Task objective - Would you transcribe exactly the lines from the one containing "Spiritual Chickening in" to the last line of the data below, both ends included, but none of the pictures?

Supplied information -
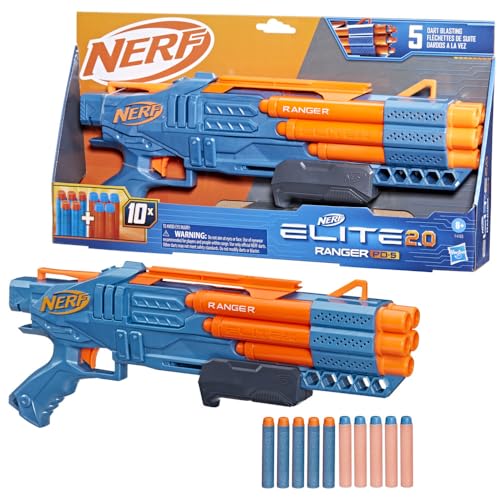 Hasbro Nerf Elite 2.0 Ranger PD-5 Toy Launcher, Includes 1 Adaptable Launcher with 5 Cannons, 10 Official Elite Darts and Instructions for Boys and Girls Ages 8+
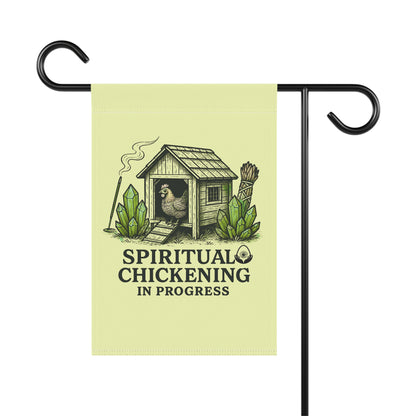 Spiritual Chickening in Progress Garden Banner: Your Mystical Manor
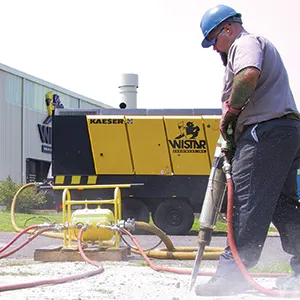 Dixon outside air products used at a construction site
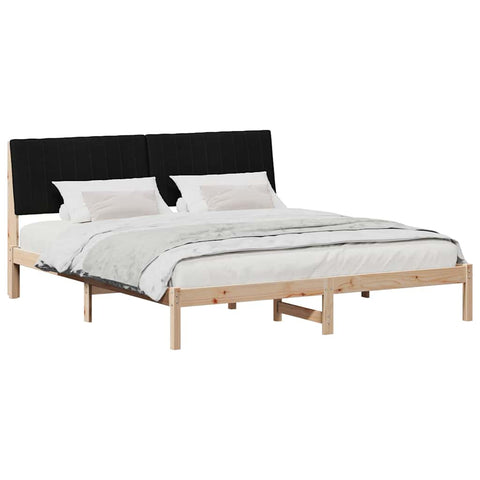 vidaXL Bed Frame with Headboard Brown 180 x 200 cm Solid Pine Wood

Expected answer -
 Spiritual Chickening in Progress Garden Banner: Your Mystical Manor
 Dixon outside air products used at a construction site
 vidaXL Bed Frame with Headboard Brown 180 x 200 cm Solid Pine Wood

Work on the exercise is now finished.